Signs increasingly point to Lashkar-e Taiba, an Islamist militant group in Pakistani Kashmir, as having orchestrated the Mumbai attacks. As a result, tensions are soaring between India and Pakistan, which banned Lashkar-e Taiba following the 2001 attacks on India’s parliament.
Pakistani President Asif Ali Zardari has warned that outlawed militant groups could precipitate a regional war.
But Kanchan Laxman, a research fellow at the Institute for Conflict Management in New Delhi, says that in his opinion, Zardari is seeking to deflect the focus from Pakistan's alleged role in the attacks through Lashkar-e Taiba, which has fought Indian security forces in disputed Kashmir over the past two decades.
"Lashkar-e Taiba has had close links with the Taliban and Al-Qaeda," Laxman says. "So that much is anyway a given. But...President Zardari's beliefs that they are out to create a regional war [are] deviating from the basic point -- that investigations are focused on Pakistan."
Return To Old Rivalries
Since their independence from the British Indian Empire in 1947, the two countries have fought three wars over the disputed Himalayan region of Kashmir. The issue still continues to sour their bilateral relations.
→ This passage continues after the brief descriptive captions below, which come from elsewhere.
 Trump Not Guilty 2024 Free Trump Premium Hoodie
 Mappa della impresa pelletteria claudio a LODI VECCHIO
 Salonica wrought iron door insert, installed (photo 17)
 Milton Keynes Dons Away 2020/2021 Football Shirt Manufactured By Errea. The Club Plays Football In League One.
India views Kashmir as an integral part of its country. Pakistan views the Muslim-majority region as the unfinished part of the partition agenda, and supports armed Kashmiri separatists. Initially secular nationalists, the separatists gradually were overtaken by Pakistan-based Islamists who replicated the anti-Soviet jihad in Afghanistan in Indian-administered Kashmir.
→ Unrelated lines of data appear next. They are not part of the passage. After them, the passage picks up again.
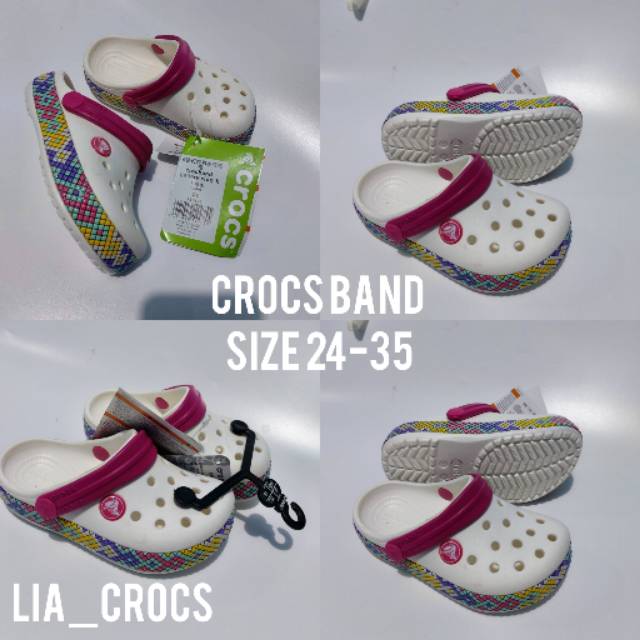 Crocs band anak kids junior / CrocsBand clog sandal crocs anak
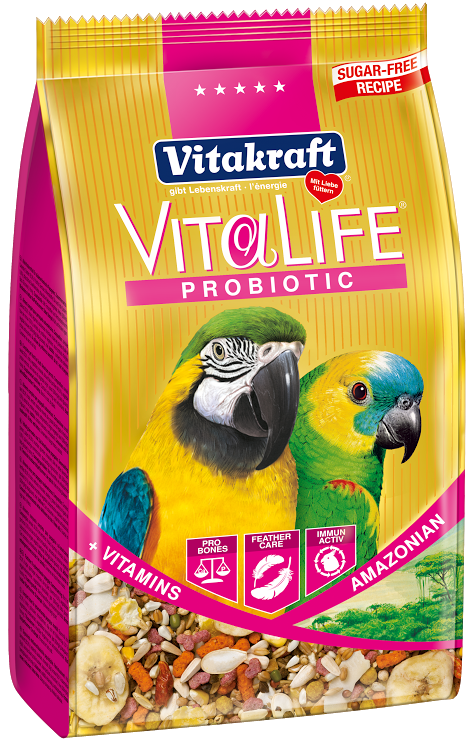 Vitakraft VitaLife Probiotic Amazonian Parrot Bird Food 650g
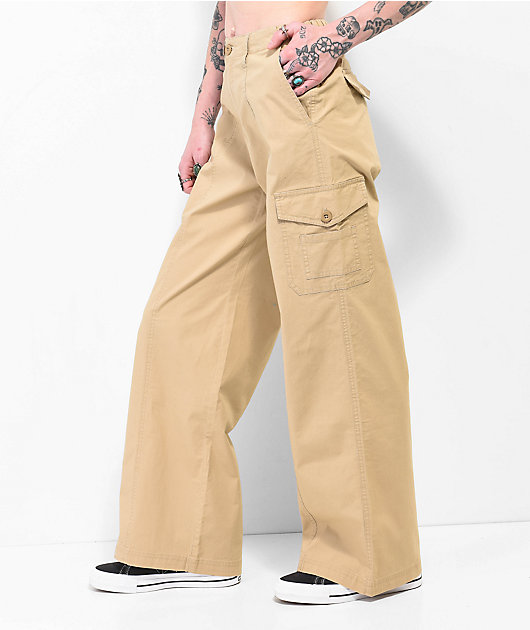 Empyre Maisie Incense Brown Low Rise Cargo Pants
According to former Pakistani President Pervez Musharraf, one of Islamabad's primary motives in joining the U.S.-led global war on terror in 2001 was to prevent a U.S.-India military nexus.
Following the December 13, 2001, attacks on the Indian parliament, tensions between the two nuclear-armed countries flared as India deployed 1 million troops along its western borders with Pakistan, which also sent more than 120,000 troops to its eastern borders. Analysts maintain that the move indirectly helped the Taliban and Al-Qaeda to recuperate in tribal regions along the western Afghan border, even though Pakistan claims 100,000 forces remain in the tribal areas.
In response to Indian demands, Pakistan banned extremist groups, including Lashkar-e Taiba. Though successful Western diplomacy and confidence-building measures between the two neighbors gradually reduced tensions, the standoff highlighted how armed factions apparently operating outside state control could trigger a potential nuclear conflict in South Asia.
Pakistan is urging Indians to view the Mumbai attack in the same light.
Former Brigadier General Mahmood Shah, now a Peshawar-based security analyst, was a central figure in Pakistan's first military operations against the Taliban and Al-Qaeda in the tribal areas in 2003 and 2004. Shah says that Pakistan views the Mumbai attacks as an indiscriminate act of terrorism. But growing anti-Pakistan sentiment in Indian media has forced Pakistan to reconsider its initial offers of cooperation in investigating the Mumbai attacks.
Shah maintains that as in 2002, an Indian military build-up on its eastern border is likely to force Pakistan to redeploy thousands of troops there.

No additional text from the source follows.